Your goal —
The lines to transcribe begin with the one containing "کدام مدیران برای" and end with the last line below; reproduce them exactly, without the pictures.

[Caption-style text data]
※

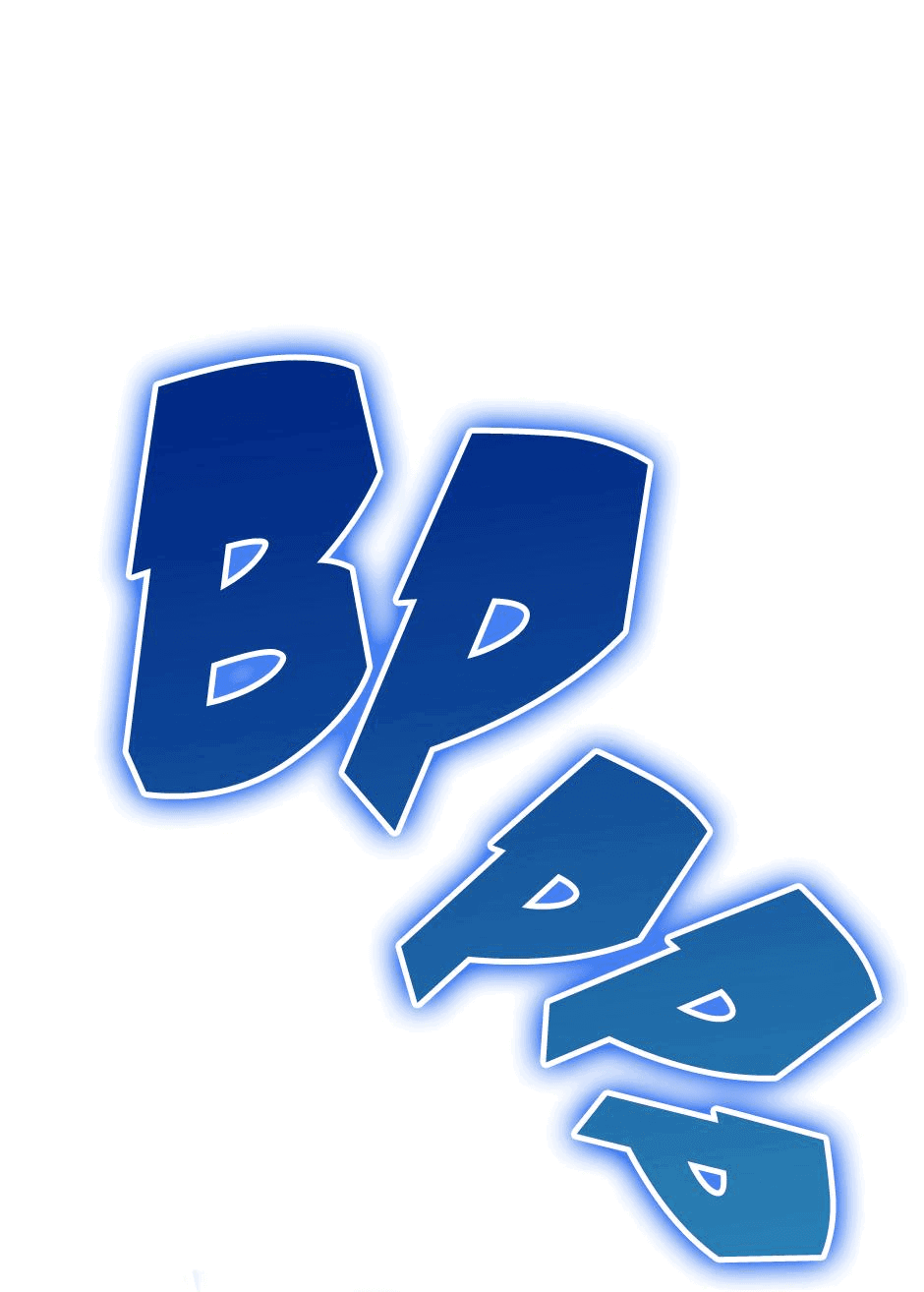 Манга Начало после конца - Глава 15 Страница 32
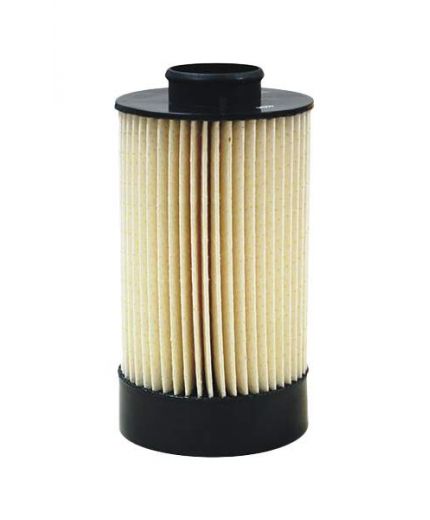 FILTRON Фильтр топливный Фото 3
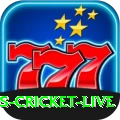 sports cricket live Deluxe Pro v4.9.5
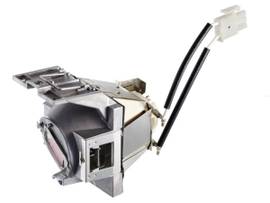 PROJECTOR REPLACEMENT LAMPPX700HDPG700WU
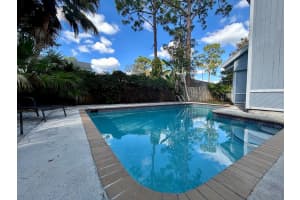 14626 Horseshoe Trace, Wellington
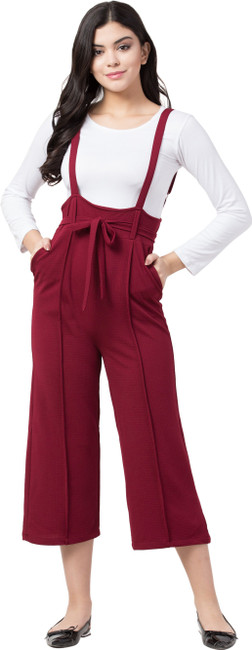 flipkart dangri dress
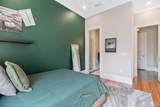 513 Romana St - Photo 54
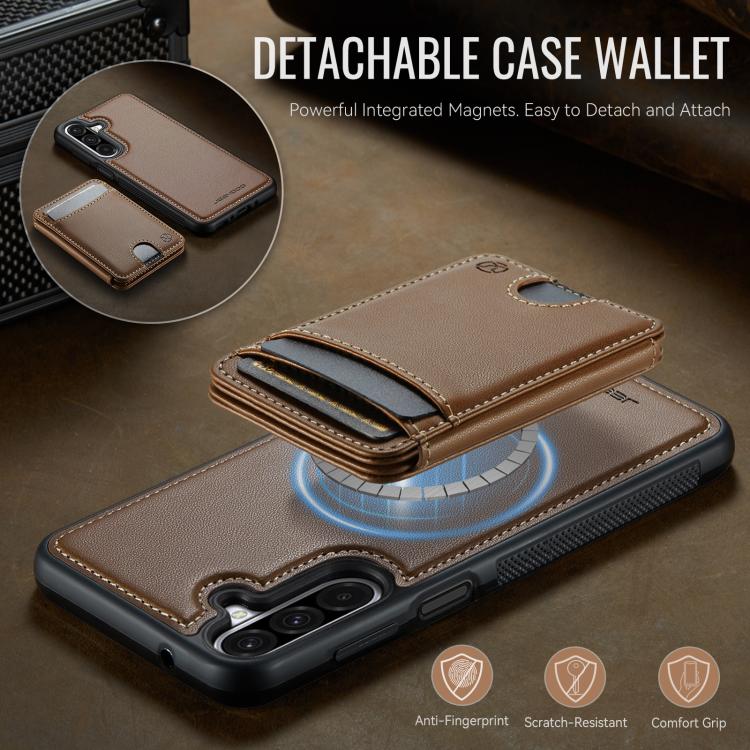 EDA008856213D_2.jpg@bf4cb8ed5cff4f47e0f3c9d089f84c4e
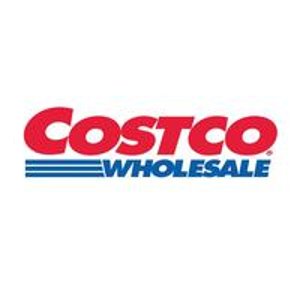 Costco 一年期新会员促销 捡钱好时机不要偷懒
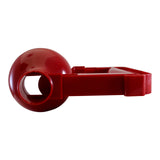 GC - Backyard Essentials - Quick Release Seed Scoop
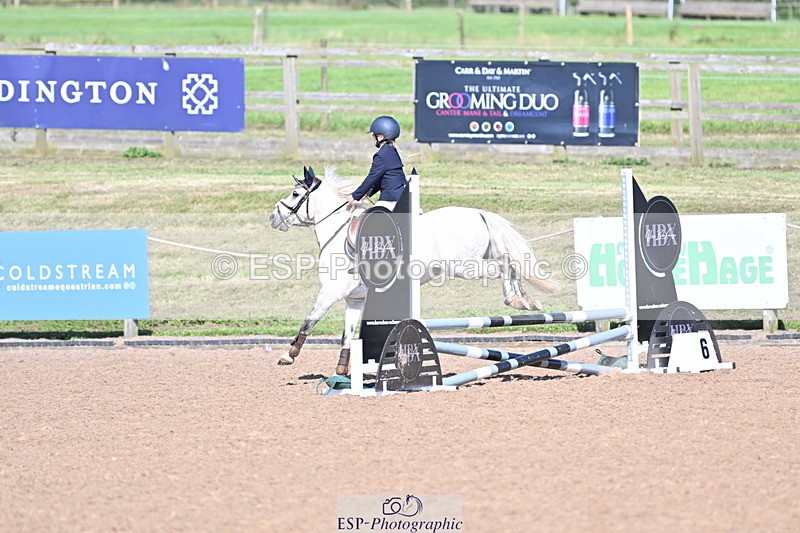 240820A-161337-00248 - Cls 1,2,1a, 1b, & 2 40-50 & 60cm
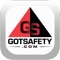 Here you will have access to over 1000 Safety Lessons and Documentation specific to your state in a mobile training app which will store or archive all employee signatures into their company client center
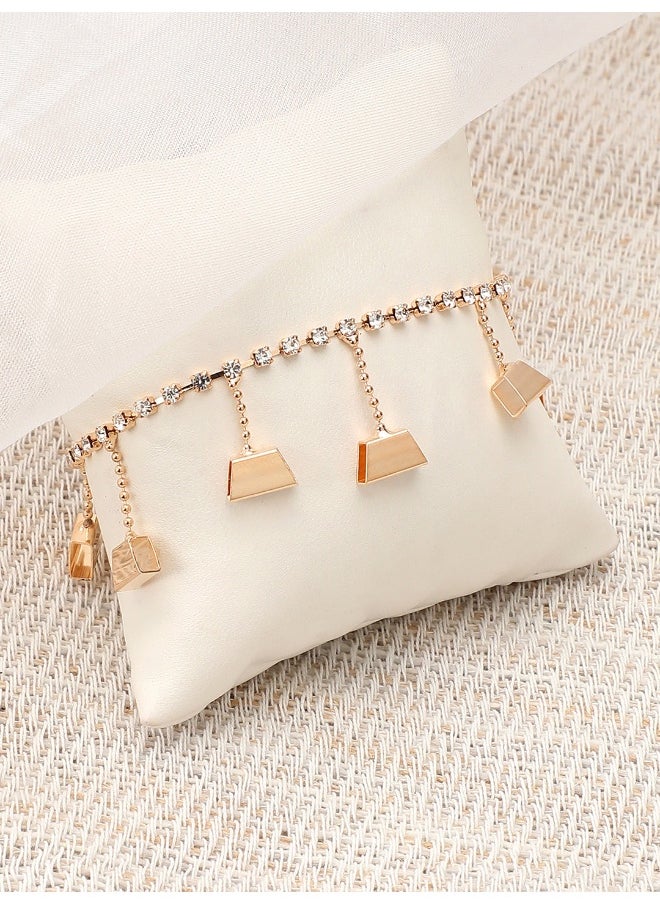 SOHI - Party Bracelet - Image 1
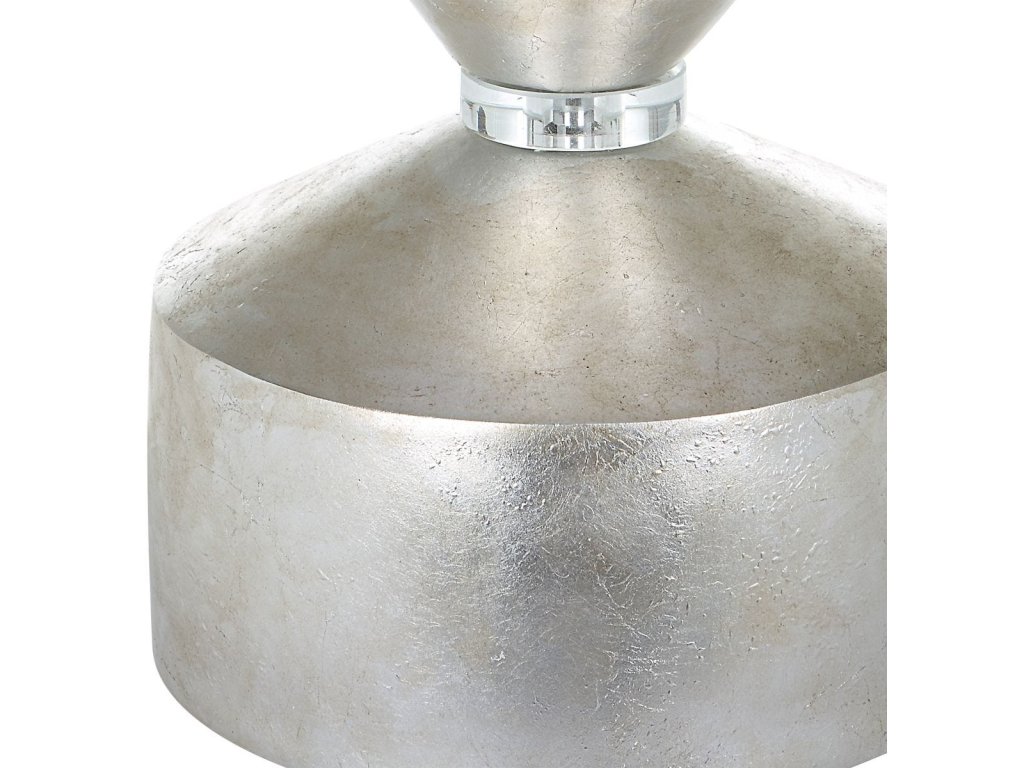 Vial Buffet Lamp - image 4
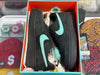 Nike Air Force 1 1837 - Tiffany Size 10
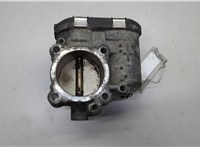 7S7Z9E926A Заслонка дроссельная Ford Fusion 2012-2016 USA 20537419 #2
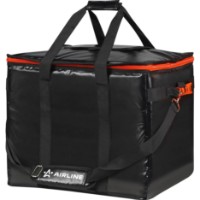 Geanta frigorifica Airline ADCB028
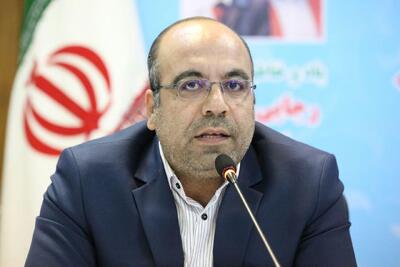 کدام مدیران برای نامزدی در انتخابات شوراها باید تا ۲۷ مهر استعفا دهند؟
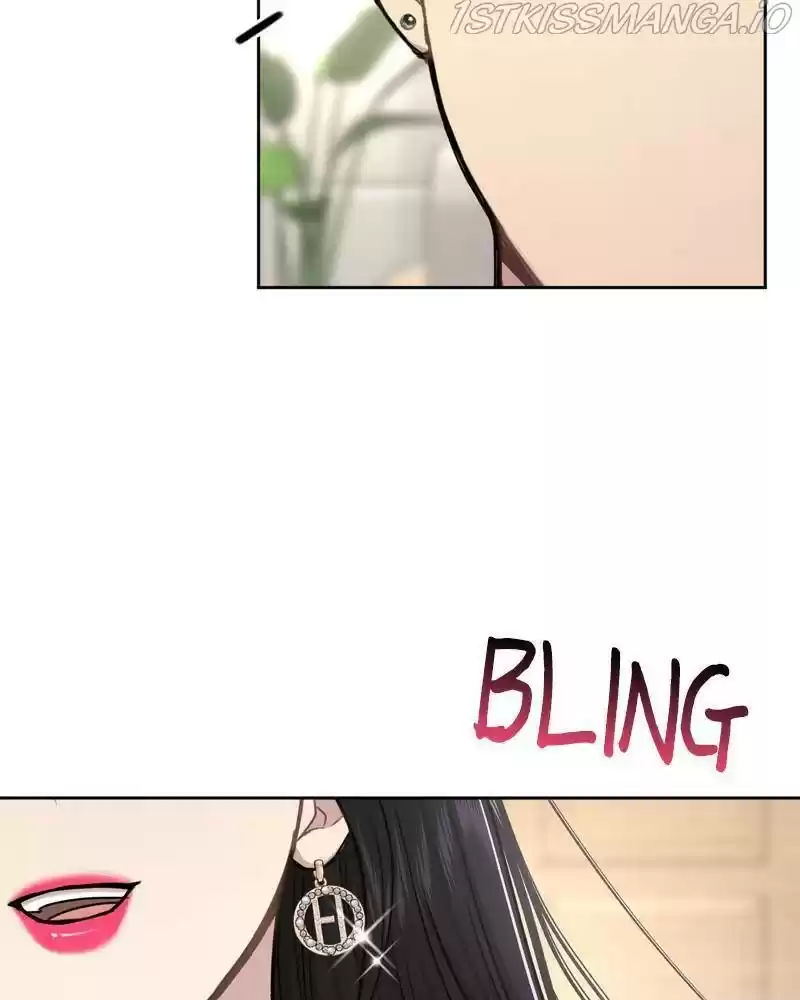 The Hip Guy Chapter 46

※

Response —
 کدام مدیران برای نامزدی در انتخابات شوراها باید تا ۲۷ مهر استعفا دهند؟
 The Hip Guy Chapter 46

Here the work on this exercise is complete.